So I was focused on the statement by Shrek, bolstered by the former poster ... Not about HT members who dont usually hang at ST.. New arrivals to the site.. How are THEY treated..
When people posted ill treatment from ST towards established site members, that to me was a separate issue.. Still lousy with rudeness yet not what I was asking about.. I thought it was clear.. Obviously not


----------



## Guest

FarmboyBill said:


> Z, As I understand your post, and maybe stretching it to make a point.
> 
> You say that married people have no knowledge of what us singles go through, day to day. Well, Lesley is married, now, that's true. BUT she wasn't for a long time. Sos you sayin that she hasn't got any kind of view point on the single life?
> Your married now, Does that mean that you also shouldn't be posting your views on single life??
> 
> I DONT think so, and I think that the both of you have had many experiences of when you were single that would be beneficial at times to people insituations you remember well.
> 
> Doncha think that theres other married now people who wernt for a long time that feel like giving their view point on things?
> I say post, and take yer chances. If someone dosent intend to hurt somebody, likely as snot, they wont get hurt themselves.


Nope, I said that a woman who has been married for 25 years has no business telling a much older man who has been widowed how to be a single older man. Maybe she was single before she was married, but chances are she wasn't a 63 year old single man before she got married at 20. or even 40. 

After all, I don't try to tell women how to be women. That is the very definition of crazy. I have no experience at being a woman. Furthermore, I only know what I like and what applies to me. As has been pointed out many times by many folks, we're all different, suffer differently, and are made happy differently. We can commiserate with each other, offer condolences, share our own experiences, but we really shouldn't bother trying to tell people of the opposite sex how to be a man, or woman.

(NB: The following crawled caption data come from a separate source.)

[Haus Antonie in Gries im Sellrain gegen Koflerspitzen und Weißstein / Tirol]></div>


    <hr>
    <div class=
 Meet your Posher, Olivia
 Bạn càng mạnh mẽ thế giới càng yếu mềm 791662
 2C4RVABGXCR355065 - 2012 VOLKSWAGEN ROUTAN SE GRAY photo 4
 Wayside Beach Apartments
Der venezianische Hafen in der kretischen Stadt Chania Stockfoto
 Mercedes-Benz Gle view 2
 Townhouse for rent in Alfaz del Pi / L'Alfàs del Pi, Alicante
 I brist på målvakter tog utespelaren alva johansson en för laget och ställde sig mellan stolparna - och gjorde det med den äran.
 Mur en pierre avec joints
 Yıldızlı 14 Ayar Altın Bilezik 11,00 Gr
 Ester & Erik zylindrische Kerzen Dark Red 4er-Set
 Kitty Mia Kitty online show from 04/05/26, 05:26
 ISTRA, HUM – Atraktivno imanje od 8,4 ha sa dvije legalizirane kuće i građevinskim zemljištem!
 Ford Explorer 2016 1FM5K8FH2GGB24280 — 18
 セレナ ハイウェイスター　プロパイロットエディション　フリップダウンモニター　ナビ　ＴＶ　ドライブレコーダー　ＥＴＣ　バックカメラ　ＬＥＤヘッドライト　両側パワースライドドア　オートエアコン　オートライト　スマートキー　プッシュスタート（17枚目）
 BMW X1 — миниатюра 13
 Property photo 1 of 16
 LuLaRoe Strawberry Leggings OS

@Roadless: Why, oh why couldn't you have made your story about 2 time travelers??


----------



## roadless

I didn't write the story Zong, and anything I say that makes sense I pilfered, the rest I'll take credit for! :gaptooth:


----------



## Laura Zone 5

bostonlesley said:


> The main reason that I posted this topic :
> A few days ago I'd gone over to Admin to find out who owned HT
> now.. Melissa kindly posted a link.. I clicked onto it and voila.. There was HST Admin.. And there were comments , apparently from emails sent out to members of HT who no longer post here..
> 
> One of them astounded me.. It was from a woman who had posted often on ST while she was active duty military.. I recall her reception by ST as exceptionally supportive... Thank you for your service! Welcome!!! And I read her statement to the new owner ... The people at ST were unkind.. That same day I got a pm from another long time ST poster asking if I'd seen that and how was it possible that she'd said such a thing?
> 
> So I was focused on the statement by Shrek, bolstered by the former poster ... Not about HT members who dont usually hang at ST.. New arrivals to the site.. How are THEY treated..
> When people posted ill treatment from ST towards established site members, that to me was a separate issue.. Still lousy with rudeness yet not what I was asking about.. I thought it was clear.. Obviously not


Sent you a PM friend!


----------



## Terri in WV

bostonlesley said:


> One of them astounded me.. It was from a woman who had posted often on ST while she was active duty military.. I recall her reception by ST as exceptionally supportive... Thank you for your service! Welcome!!! And I read her statement to the new owner ... The people at ST were unkind.. That same day I got a pm from another long time ST poster asking if I'd seen that and how was it possible that she'd said such a thing?


I didn't venture into ST much until after hubs was gone and then not until after I moved and got settled('09). 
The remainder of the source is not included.